News

Simpatisan Lukas Enembe Serang Mako Brimob Kotaraja, Polri: Sudah Kondusif

Pihak Mabes Polri memastikan Mako Brimob Kotaraja Jayapura kondusif usai penyerangan sekelompok massa yang diduga simpatisan Gubernur Papua Lukas Enembe, Selasa (10/1/2023).

“Info terakhir situasi secara umum sudah kondusif,” kata Kadiv Humas Polri Irjen Pol. Dedi Prasetyo melalui pesan singkat, Selasa (10/1/2023).

Penyerangan di Mako Brimob Kota Raja diduga akibat penangkapan Gubernur Lukas Enembe oleh Komisi Pemberantasan Korupsi (KPK) setelah ditetapkan sebagai tersangka. “Dan Polri ikut mengawal proses penangkapan yang dilaksanakan oleh penyidik KPK,” lanjut Dedi.

Adapun informasi penangkapan Lukas Enembe oleh KPK semula dibenarkan oleh Kapolda Papua Irjen Pol. Mathius D Fakhiri. “Benar, Gubernur Papua Lukas Enembe sudah diamankan KPK, Selasa ini di Jayapura,” kata Kapolda Mathius, Selasa (10/1/2023).

Dalam prosesnya, KPK menetapkan Gubernur Papua Enembe menjadi tersangka korupsi proyek pembangunan yang bersumber dari APBD.

Politikus Partai Demokrat itu dituduh menerima suap dari Direktur PT Tabi Bangun Papua (TBP) Rijatono Lakka (RL) terkait proyek pembangunan infrastruktur di Papua.

Wakil Ketua KPK Alexander Marwata menyatakan, penetapan tersangka Enembe dan Rijatono berdasarkan bukti permulaan yang cukup. Adapun Rijatono telah dikenakan status penahanan selepas diperiksa KPK, Kamis (5/1/2023).

“Ada bukti permulaan yang cukup, KPK melakukan penyelidikan dan berlanjut ke tahap penyidikan dengan menetapkan dan mengumumkan tersangka,” kata Alex.

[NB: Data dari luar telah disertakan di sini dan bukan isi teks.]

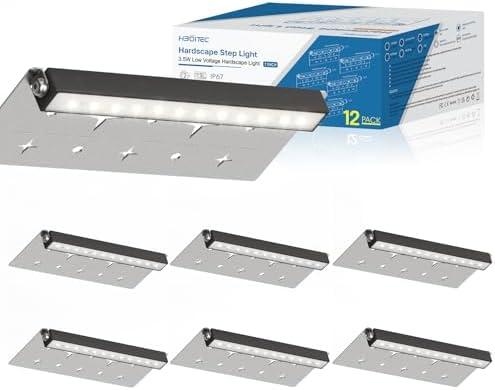 HIBOITEC Retaining Wall Lights Low Voltage Hardscape Lighting 7 Inch LED IP67 Waterproof for Outdoor Patio Pathway Stairs Landscape Steps AC/DC 12-24V 4000K 12 Pack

KPK menahan Rijatono selaku pemberi suap selama 20 hari pertama, periode 5-24 Januari 2023, di Rutan KPK. Sedangkan, Enembe berada di Papua. Ia dikabarkan sakit dan belum bisa menjalani pemeriksaan di KPK.

Rijantono diduga menyuap Enembe untuk mendapatkan proyek yang bersumber dari APBD. Ia mengontak sejumlah pejabat pemprov termasuk Enembe untuk bisa mendapatkan proyek sebelum lelang dilakukan. KPK menduga Enembe mendapatkan fee dari Rijantono.

Enembe diduga melanggar Pasal 12 huruf a atau b atau Pasal 11 dan Pasal 12B Undang-Undang Nomor 31 Tahun 1999 tentang Pemberantasan Tindak Pidana Korupsi sebagaimana telah diubah dengan Undang-Undang Nomor 20 Tahun 2001.